Un cadavre presque exquis

Marie Pauline Mollaret, auteure sur le site Ecran noir, et moi avons vu Berlin, le concert culte de Lou Reed mis en scène et capté par Julian Schnabel. Tous deux, nous l’avons aimé. Influencés par la double collaboration artistique que propose ce documentaire, nous avons décidé d’écrire ensemble sur Berlin. Ensemble, mais sans nous concerter. Alors, à vous de découvrir qui a rédigé quoi dans ce cadavre presque exquis…

Pas facile de tourner un film sur un concert mythique sans en faire un simple compte-rendu informatif ni, a contrario, une illustration trop systématique. Capter à la fois cette chaleur unique qui se dégage de la musique live, celle que l’on crée ensemble devant un public complice et la communiquer à un simple morceau de pellicule… Julian Schnabel y parvient parce qu’il s’approprie l’œuvre de Lou Reed, ce Berlin si lourd à porter, sans le dénaturer, et le restitue presque intact au spectateur au-delà de l’écran. Ce qu’il fait avec sa caméra, ses incrustations, ses effets de style, c’est tout simplement bâtir un pont entre la scène et la salle, rendant possible la transmission des émotions d’un lieu à un autre.

Par moments, des séquences vidéo viennent illustrer en creux l’histoire contée par les chansons. On aperçoit des visages, des ombres, des regards, dans une image au grain presque palpable, ou au contraire à la texture liquide. De gros plans sur les photos et estampes qui habillent la scène viennent s’intercaler. Concert, installation, vidéo, tout se combine et s’entrelace pour inventer une forme hybride de récit.
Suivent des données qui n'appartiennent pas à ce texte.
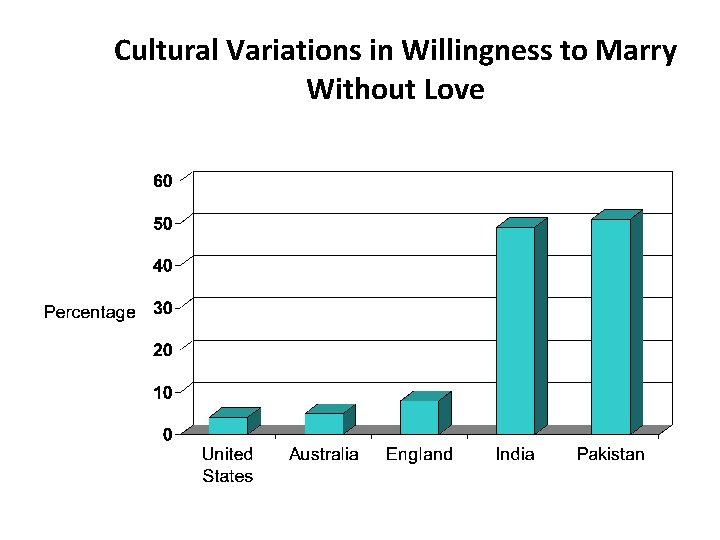 Cultural Variations in Willingness to Marry Without Love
La musique sort alors de son rôle purement auditif pour embraser tous les sens, devenant à la fois vision et caresse, saveur et arôme.

On goûte cette alchimie étrange où se mêle la beauté brute de la mélodie, l’intensité de la voix écaillée du chanteur, les envolées de guitare ou de basse, la mélancolie des chœurs, la noirceur de l’intrigue…
On est partout à la fois : avec Lou Reed sur scène, au milieu du public conquis, dans le cœur brisé de Caroline… et surtout dans le Berlin underground des seventies dont l’atmosphère enfumée et sordide nous prend à la gorge. Instants de grâce vertigineux dont on ne sait trop s’ils viennent de l’expérience sensorielle offerte par Schnabel ou de nous-mêmes, qui projetons nos propres douleurs et nos regrets éternels dans le destin terrible de ces amants malheureux.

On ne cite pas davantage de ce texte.